Groening sat expressionless as the verdict was read and listened attentively for more than an hour and a half as the judge detailed the ruling, occasionally sipping from a bottle of water. He then walked out of the courtroom without talking to reporters.
The charges against Groening related to a period between May and July 1944 when hundreds of thousands of Jews from Hungary were brought to the Auschwitz-Birkenau complex in Nazi-occupied Poland. Most were immediately gassed to death.
Unusually for trials of former Nazi camp guards, Groening has been open about his past throughout the proceedings.
Groening said when his trial opened in April that he bears a share of the moral guilt for atrocities at the camp but that it was up to judges to determine whether he is guilty under criminal law.
In their verdict, judges went beyond the 3 ½-year sentence prosecutors had sought. Groening’s defense team had called for him to be acquitted, arguing that as far as the law is concerned he did not facilitate mass murder.
Kompisch said Groening deserved respect for having been open about what he did and having testified, but that given the enormity of the crime it would have been inappropriate to impose a lower sentence.
Both sides have a week to appeal, and both prosecutors and the defense said they would consider whether to do so.
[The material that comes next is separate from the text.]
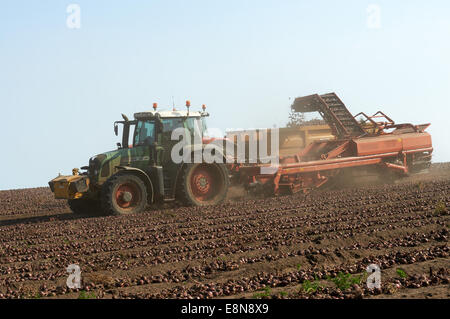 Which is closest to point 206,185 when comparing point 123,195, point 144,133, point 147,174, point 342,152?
point 147,174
Defense lawyer Hans Holtermann said Groening remains free in the meantime, and given his age and the possible length of appeal proceedings it was uncertain whether he would actually go to prison.
Dozens of Auschwitz survivors and their relatives joined the trial as co-plaintiffs, as German law allows, though none were present for the verdict.
Lawyer Thomas Walther, who represents 51 co-plaintiffs, said that “it is an excellent verdict.”
“For us, it not a big question of whether it is three, four, five, six years in prison — that was never a topic,” he said. The survivors “are just happy that this trial has been carried through to the end and that there was a verdict.”
The Simon Wiesenthal Center’s top Nazi hunter welcomed the ruling, saying that he hoped it will pave the way for further prosecutions.
“It is abundantly clear that the window of opportunity to bring Holocaust perpetrators to justice will soon be closed, which makes the expedition of these cases of exceptional urgency,” Efraim Zuroff said in a statement. He urged judicial officials “to give first priority to these cases.”